Eh, I think they are going to have to offer more than just a break-even on gas to get me interested in going out of my way to deliver a package. But I guess they can try it.

I actually don't see this working at all. Who is liable for the "loss" of deliveries in transit? If the person delivering the order causes a traffic accident, is Wal-Mart partly liable? Will they be checking insurance and driving records before letting someone deliver for them?

It would have to work more like a pizza delivery situation, where the drivers are actually employees, with a driving history check and insurance, though perhaps using their personal vehicles.

This is why they will eventually just make their already-much-put-upon employees do these deliveries on their way home from work. Probably with no compensation beside, "congratulations you get to keep your job for another couple of days!"
I feel like everything you mentioned is easily worked out once you understand their customer. Assuming they want to go through with the plan:

Eh, I think they are going to have to offer more than just a break-even on gas to get me interested in going out of my way to deliver a package. But I guess they can try it.

You are not likely the person they will be targeting to make deliveries. A lot of their customers barely make ends meet, if at all. Assuming they make a delivery close to their current residence, getting their gas paid for round trip to walmart, even if only a few dollars is a huge amount of money to them.

I actually don't see this working at all. Who is liable for the "loss" of deliveries in transit? If the person delivering the order causes a traffic accident, is Wal-Mart partly liable? Will they be checking insurance and driving records before letting someone deliver for them?

I don't know driving liability law, and it varies by state, but a company as large as Walmart can either self-insure or contract out insurance. This is a solvable economic relationship that can be worked out.

It would have to work more like a pizza delivery situation, where the drivers are actually employees, with a driving history check and insurance, though perhaps using their personal vehicles.

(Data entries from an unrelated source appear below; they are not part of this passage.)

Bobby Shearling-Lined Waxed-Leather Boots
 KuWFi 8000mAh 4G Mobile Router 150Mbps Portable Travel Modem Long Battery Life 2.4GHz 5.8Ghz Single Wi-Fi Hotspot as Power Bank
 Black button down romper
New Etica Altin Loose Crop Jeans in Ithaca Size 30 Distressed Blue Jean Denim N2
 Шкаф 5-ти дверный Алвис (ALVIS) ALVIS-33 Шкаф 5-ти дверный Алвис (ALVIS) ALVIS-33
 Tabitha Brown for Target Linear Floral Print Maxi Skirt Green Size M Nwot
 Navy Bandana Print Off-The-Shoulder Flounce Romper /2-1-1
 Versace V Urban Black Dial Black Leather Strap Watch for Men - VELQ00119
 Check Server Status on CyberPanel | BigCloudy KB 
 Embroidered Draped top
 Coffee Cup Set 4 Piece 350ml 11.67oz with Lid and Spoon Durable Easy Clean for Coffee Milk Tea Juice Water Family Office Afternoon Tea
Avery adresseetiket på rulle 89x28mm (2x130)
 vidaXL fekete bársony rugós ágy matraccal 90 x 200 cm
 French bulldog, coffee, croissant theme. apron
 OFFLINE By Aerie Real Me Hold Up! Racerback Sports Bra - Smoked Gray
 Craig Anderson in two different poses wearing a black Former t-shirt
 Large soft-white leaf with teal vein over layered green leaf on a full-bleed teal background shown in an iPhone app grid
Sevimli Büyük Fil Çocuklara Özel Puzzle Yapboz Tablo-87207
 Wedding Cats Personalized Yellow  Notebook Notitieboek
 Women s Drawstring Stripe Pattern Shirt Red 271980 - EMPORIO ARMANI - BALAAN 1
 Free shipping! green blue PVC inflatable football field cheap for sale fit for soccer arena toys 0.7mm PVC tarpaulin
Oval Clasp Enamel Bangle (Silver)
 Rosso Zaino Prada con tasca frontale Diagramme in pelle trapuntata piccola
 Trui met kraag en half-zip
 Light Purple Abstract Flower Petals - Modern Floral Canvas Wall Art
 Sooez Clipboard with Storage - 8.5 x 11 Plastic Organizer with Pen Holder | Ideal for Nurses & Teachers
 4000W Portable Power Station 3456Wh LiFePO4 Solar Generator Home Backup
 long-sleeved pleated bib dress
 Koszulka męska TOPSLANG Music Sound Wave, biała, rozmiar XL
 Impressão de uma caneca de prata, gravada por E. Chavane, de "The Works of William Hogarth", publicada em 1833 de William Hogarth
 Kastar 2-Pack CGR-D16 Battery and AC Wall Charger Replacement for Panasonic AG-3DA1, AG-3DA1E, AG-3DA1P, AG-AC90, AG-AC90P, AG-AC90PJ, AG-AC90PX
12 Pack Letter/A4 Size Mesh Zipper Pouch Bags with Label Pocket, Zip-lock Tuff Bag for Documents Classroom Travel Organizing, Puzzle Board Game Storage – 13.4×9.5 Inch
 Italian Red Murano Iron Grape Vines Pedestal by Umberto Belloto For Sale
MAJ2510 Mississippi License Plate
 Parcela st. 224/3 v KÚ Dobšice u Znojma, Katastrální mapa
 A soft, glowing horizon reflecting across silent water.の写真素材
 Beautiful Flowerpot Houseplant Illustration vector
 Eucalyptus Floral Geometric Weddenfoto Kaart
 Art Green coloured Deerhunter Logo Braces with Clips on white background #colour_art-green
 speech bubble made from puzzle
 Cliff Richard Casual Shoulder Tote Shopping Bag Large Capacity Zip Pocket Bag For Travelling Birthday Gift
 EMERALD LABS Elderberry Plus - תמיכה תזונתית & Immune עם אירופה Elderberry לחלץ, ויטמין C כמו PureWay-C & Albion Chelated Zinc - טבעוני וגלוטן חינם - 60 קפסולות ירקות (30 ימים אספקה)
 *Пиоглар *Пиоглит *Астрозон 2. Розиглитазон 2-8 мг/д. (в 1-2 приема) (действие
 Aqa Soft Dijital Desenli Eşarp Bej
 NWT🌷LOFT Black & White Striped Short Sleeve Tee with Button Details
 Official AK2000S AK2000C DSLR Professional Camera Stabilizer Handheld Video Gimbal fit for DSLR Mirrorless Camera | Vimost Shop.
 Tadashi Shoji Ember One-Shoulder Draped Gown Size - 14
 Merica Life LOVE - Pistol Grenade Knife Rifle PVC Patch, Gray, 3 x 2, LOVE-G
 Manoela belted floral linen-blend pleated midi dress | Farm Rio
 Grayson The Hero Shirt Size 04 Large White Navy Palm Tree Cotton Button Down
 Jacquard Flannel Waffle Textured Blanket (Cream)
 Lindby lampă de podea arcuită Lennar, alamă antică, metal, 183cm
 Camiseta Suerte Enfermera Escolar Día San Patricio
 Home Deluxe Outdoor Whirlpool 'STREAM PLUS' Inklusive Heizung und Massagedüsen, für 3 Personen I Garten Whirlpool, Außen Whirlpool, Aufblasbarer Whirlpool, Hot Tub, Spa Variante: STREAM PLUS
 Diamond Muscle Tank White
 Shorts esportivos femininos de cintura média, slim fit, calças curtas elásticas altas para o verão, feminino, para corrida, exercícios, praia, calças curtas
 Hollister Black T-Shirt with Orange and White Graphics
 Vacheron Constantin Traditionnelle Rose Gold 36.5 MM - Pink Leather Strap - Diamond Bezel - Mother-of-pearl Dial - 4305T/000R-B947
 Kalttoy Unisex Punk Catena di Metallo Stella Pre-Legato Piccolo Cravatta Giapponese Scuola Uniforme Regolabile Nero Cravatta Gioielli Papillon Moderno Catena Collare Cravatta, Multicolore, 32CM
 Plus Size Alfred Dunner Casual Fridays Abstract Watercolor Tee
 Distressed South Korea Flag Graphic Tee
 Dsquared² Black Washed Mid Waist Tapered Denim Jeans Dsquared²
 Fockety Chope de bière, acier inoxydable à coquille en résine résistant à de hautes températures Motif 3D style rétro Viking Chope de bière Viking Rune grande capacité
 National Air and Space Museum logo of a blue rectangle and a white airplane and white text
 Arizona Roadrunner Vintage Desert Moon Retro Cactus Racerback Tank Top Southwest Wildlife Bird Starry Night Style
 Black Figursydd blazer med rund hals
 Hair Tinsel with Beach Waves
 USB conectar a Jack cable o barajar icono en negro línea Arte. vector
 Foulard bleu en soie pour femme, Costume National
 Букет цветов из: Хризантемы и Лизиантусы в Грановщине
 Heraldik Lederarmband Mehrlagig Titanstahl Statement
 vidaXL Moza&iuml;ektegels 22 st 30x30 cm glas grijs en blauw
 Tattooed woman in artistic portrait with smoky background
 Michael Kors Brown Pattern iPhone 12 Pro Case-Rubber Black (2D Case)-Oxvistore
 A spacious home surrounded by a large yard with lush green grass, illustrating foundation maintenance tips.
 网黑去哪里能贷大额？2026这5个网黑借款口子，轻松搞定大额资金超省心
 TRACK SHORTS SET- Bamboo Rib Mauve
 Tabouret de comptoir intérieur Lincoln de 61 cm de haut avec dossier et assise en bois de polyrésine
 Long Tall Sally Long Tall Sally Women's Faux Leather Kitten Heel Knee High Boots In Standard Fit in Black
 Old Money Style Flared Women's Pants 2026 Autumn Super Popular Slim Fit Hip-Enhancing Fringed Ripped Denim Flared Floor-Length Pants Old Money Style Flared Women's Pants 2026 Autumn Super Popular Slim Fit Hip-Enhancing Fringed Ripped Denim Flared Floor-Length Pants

That would probably work, but isn't part of their stated idea. Every nit-pick here can be easily solved by professional management. The only question is whether after solving all those issues, it is economical or not.

> You are not likely the person they will be targeting to make deliveries. A lot of their customers barely make ends meet, if at all. Assuming they make a delivery close to their current residence, getting their gas paid for round trip to walmart, even if only a few dollars is a huge amount of money to them.

The problem with this is that the Walmart customers who "barely make ends meet" are not that likely to live near the Walmart customers who would pay for this service. It might work in urban areas (where there is less physical separation between socioeconomic classes), but Walmart isn't as prevalent in such places, not to mention the urban poor often don't have cars anyway.

For example, I know that I would be willing to pay for this service. But there is no one anywhere near my residence who would be willing to do this for the money.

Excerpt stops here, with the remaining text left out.